Nike-Inc / riposte

Riposte is a Netty-based microservice framework for rapid development of production-ready HTTP APIs.

Geek Repo:Geek Repo

Github PK Tool:Github PK Tool

ProxyRouterEndpoint response data is not available

blling opened this issue · comments

I want to use Riposte to proxy third party endpoints and cache the response data and when the caller call the endpoints again i will return the cached data to the caller.
But ProxyRouterEndpoint could not get response data through override handleDownstreamResponseFirstChunk, then how could i proxy and cache the response data correctly use Riposte?

Many Thanks!

ProxyRouterEndpoints intentionally do not expose request or response payloads.

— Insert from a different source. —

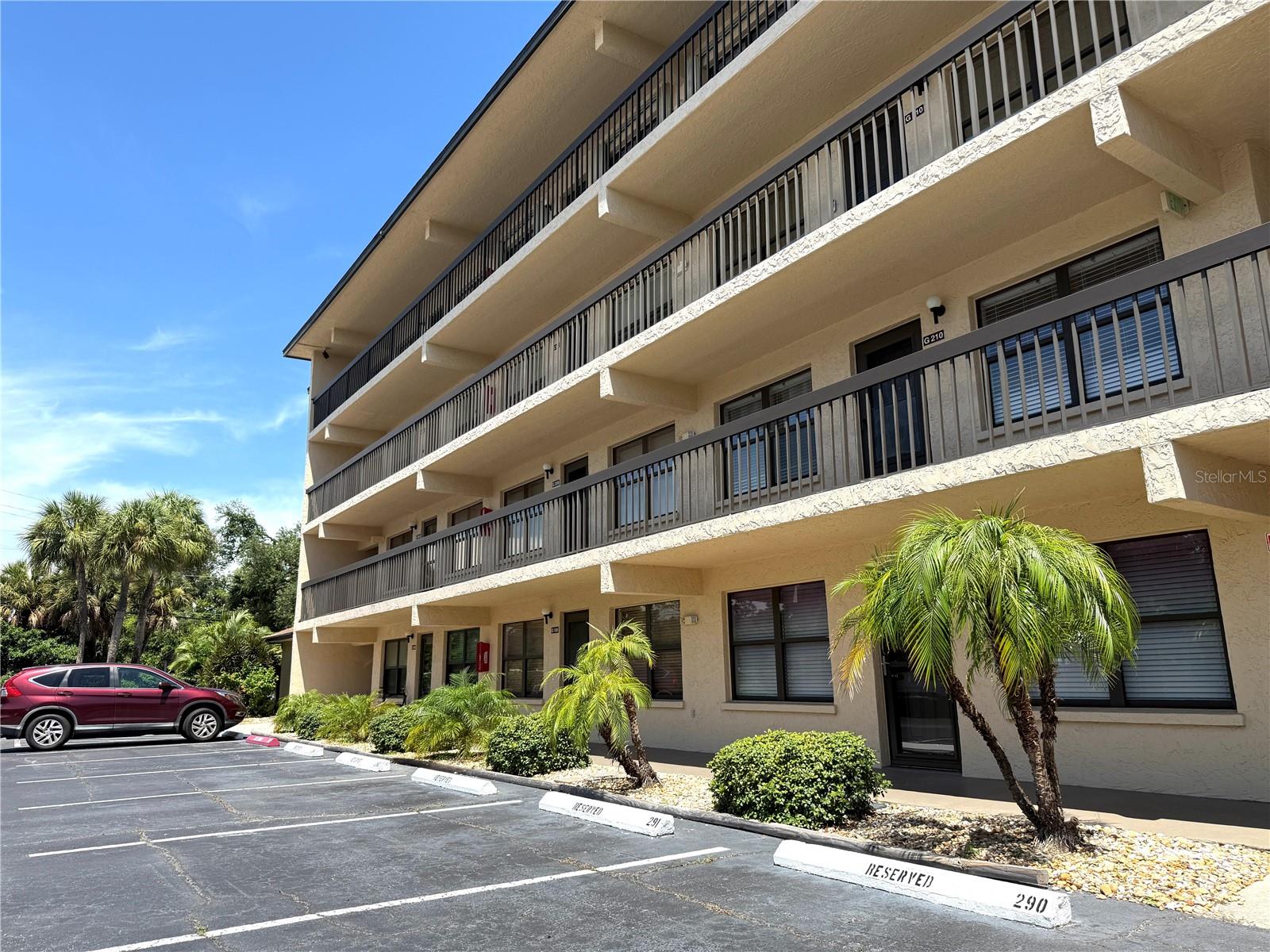625 30th Ave W #G109 — photo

They are chunk-streaming both for the request and response, meaning every chunk that comes into the Riposte server is immediately proxied to its destination and then discarded, allowing it to be immediately garbage collected. This keeps Riposte memory usage stable no matter the size of the payload, and keeps lag time to a minimum. For example, you can have a riposte server act as a router with ProxyRouterEndpoints on a machine with only a few hundred megabytes of heap allocated to the riposte server, and it will successfully proxy a gigabyte payload without any stress to the heap memory, and without incurring the lag time cost of waiting for the entire payload to be collected in memory and then re-sent to its destination.

Your use case is different - you need to pull the payload into memory in order to do something with it. So you will need to use a StandardEndpoint and then make the proxy call with an HTTP client so that you can get the response data and cache it. Riposte has an async non-blocking HTTP client you can use that automatically performs distributed tracing, so if you need or want either of those features then take a look at AsyncHttpClientHelper. The template project has an example of using it here. If you don't need either of those features then you can use the HTTP client of your choice.

StandardEndpoint<I, O> must give O type, but i do not know the O type of the third party endpoints,maybe the O type is a byte array or a file stream and so on, these data can not represent by just one java type(maybe exists a lot of types), I also can not list the return types of all endpoints.
So:
1.What is the best practice to proxy, cache and response these stream(e.g: image,file,video or sound stream) data to the caller?
2.Even if i could list all of the types i must write a lot of StandardEndpoints for all of them, I think this is a bad practice, how to use one StandardEndpoint for all of my proxy?
I just want to use one StandardEndpoint to proxy all of the third party endpoints to return the exist cached data, if the cached data does not exist then call the third party endpoints -> cache response data -> return the cached data.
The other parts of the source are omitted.